** DATA EXTRACT follows **

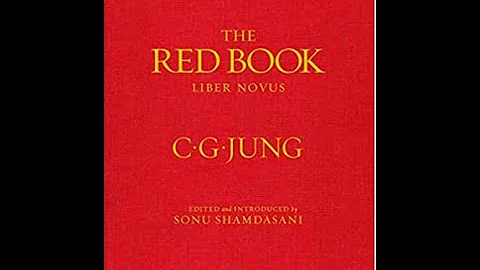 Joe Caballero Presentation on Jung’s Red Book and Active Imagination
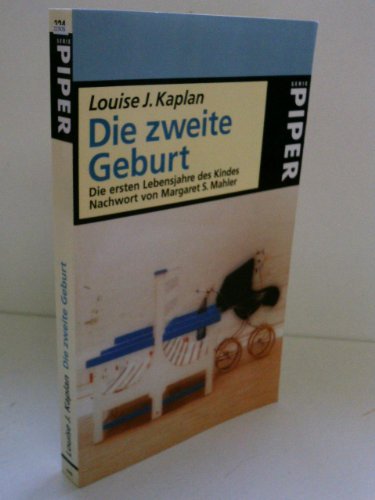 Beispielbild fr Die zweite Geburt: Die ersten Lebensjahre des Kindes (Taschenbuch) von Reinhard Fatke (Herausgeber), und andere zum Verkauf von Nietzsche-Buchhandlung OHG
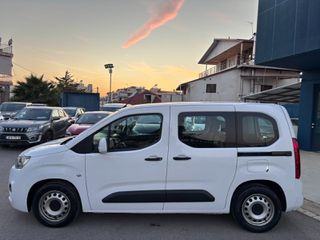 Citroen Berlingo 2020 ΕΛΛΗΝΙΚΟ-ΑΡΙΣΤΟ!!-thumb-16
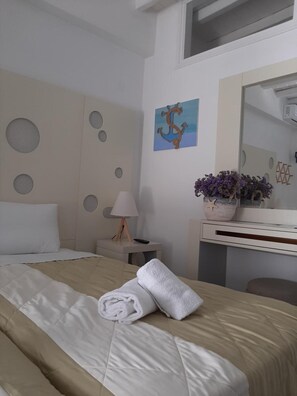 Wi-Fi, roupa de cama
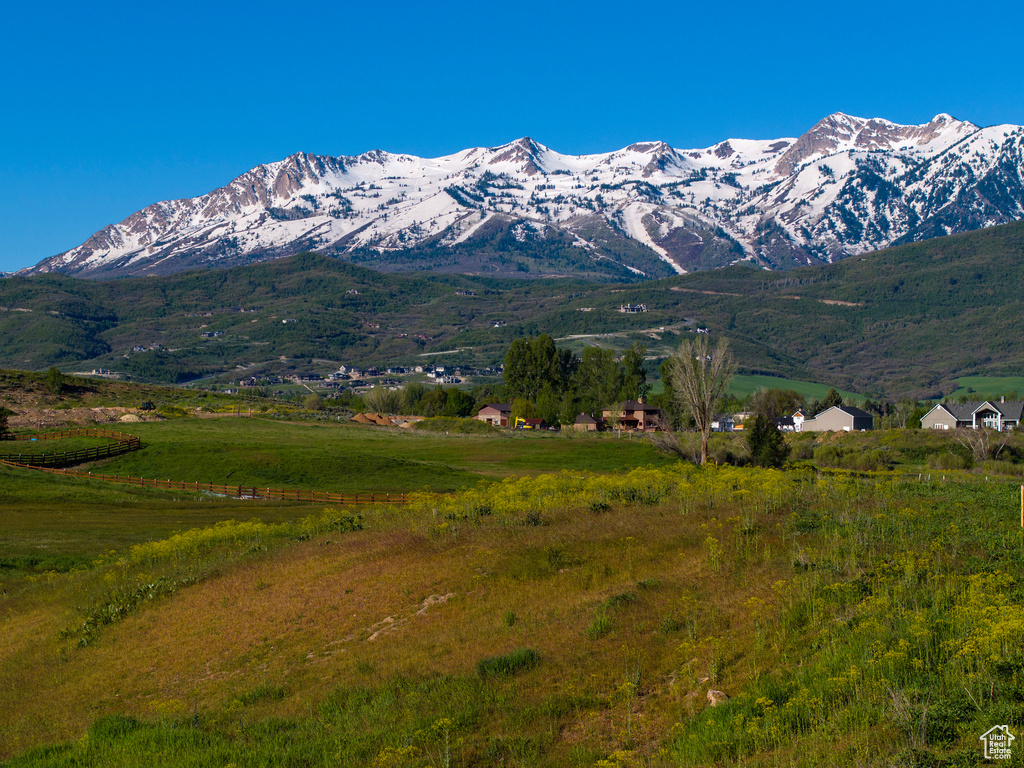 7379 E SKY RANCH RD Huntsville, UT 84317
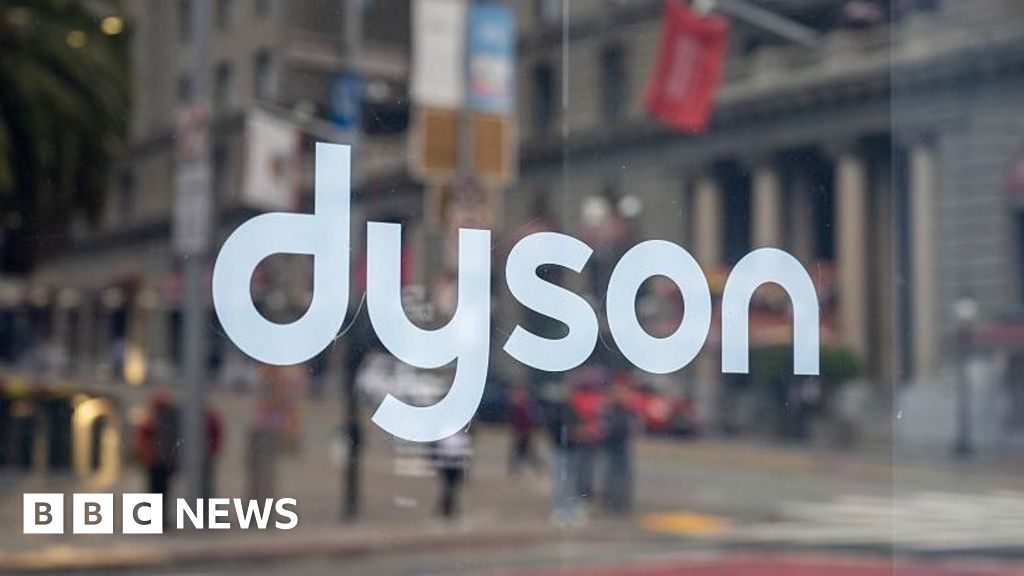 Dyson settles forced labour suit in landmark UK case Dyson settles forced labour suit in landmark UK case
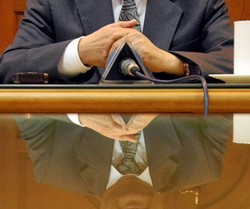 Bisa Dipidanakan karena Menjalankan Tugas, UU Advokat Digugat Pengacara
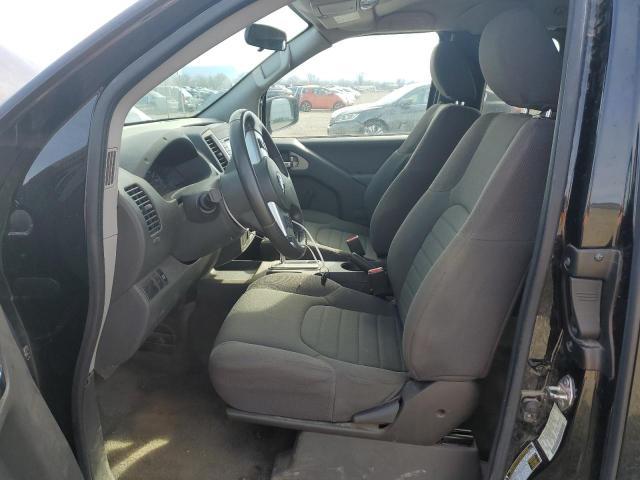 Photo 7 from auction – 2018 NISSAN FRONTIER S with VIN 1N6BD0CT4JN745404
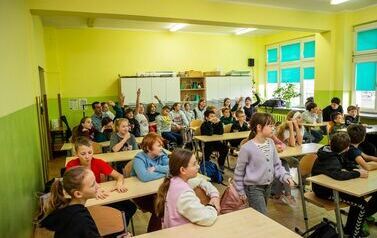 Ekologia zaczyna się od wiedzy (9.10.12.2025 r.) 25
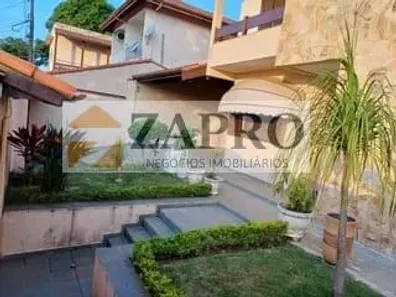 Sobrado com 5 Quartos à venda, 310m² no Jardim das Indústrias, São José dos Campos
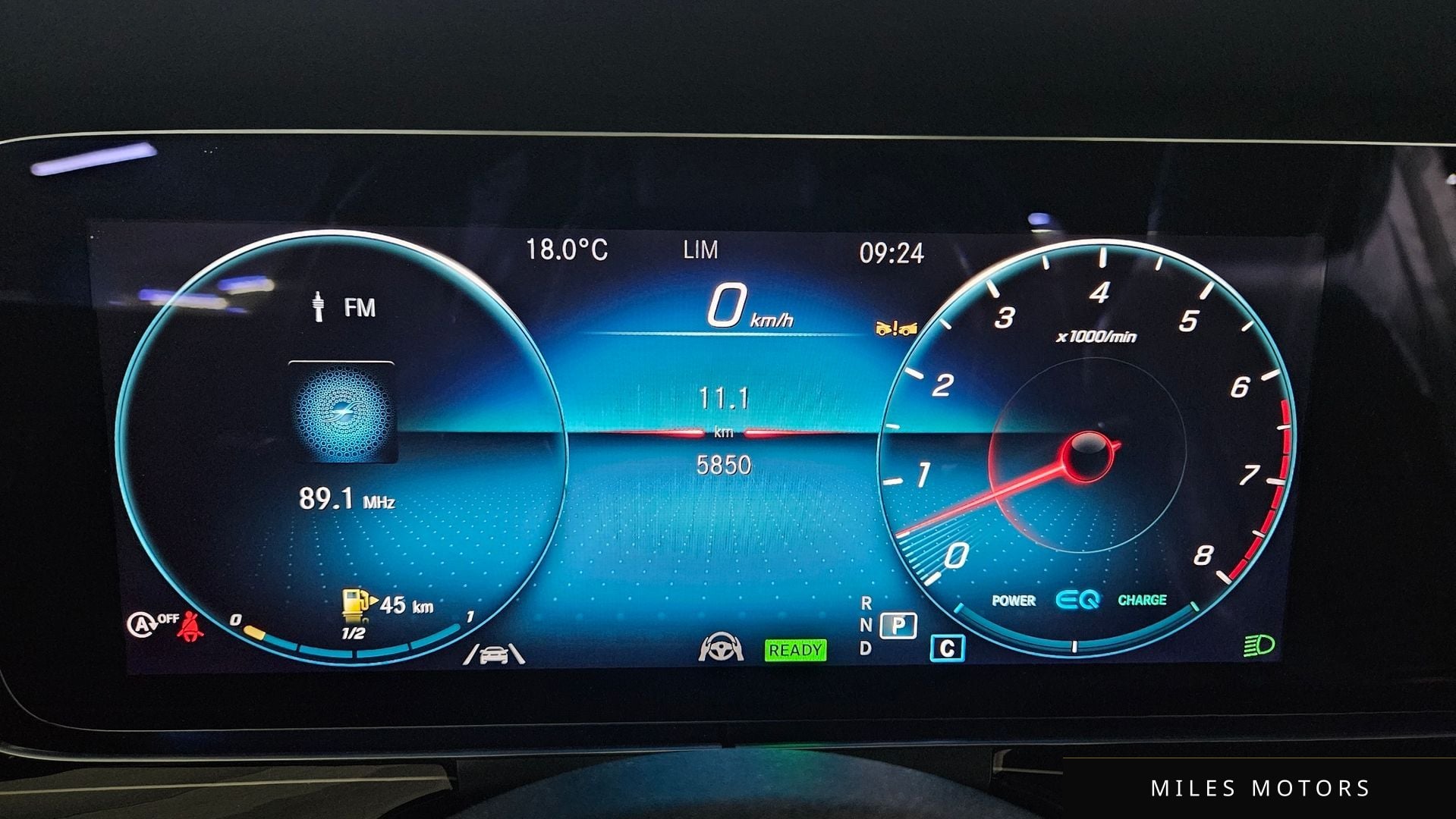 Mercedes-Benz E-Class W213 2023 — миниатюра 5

** End of DATA EXTRACT **

WHAT YOU SHOULD DO. Leave out the images and write out the lines above exactly, from the one with "7379 E SKY RANCH RD Huntsville, UT 84317" up to and including the one with "Photo 7 from".

REPLY.
 7379 E SKY RANCH RD Huntsville, UT 84317
 Dyson settles forced labour suit in landmark UK case Dyson settles forced labour suit in landmark UK case
 Bisa Dipidanakan karena Menjalankan Tugas, UU Advokat Digugat Pengacara
 Photo 7 from auction – 2018 NISSAN FRONTIER S with VIN 1N6BD0CT4JN745404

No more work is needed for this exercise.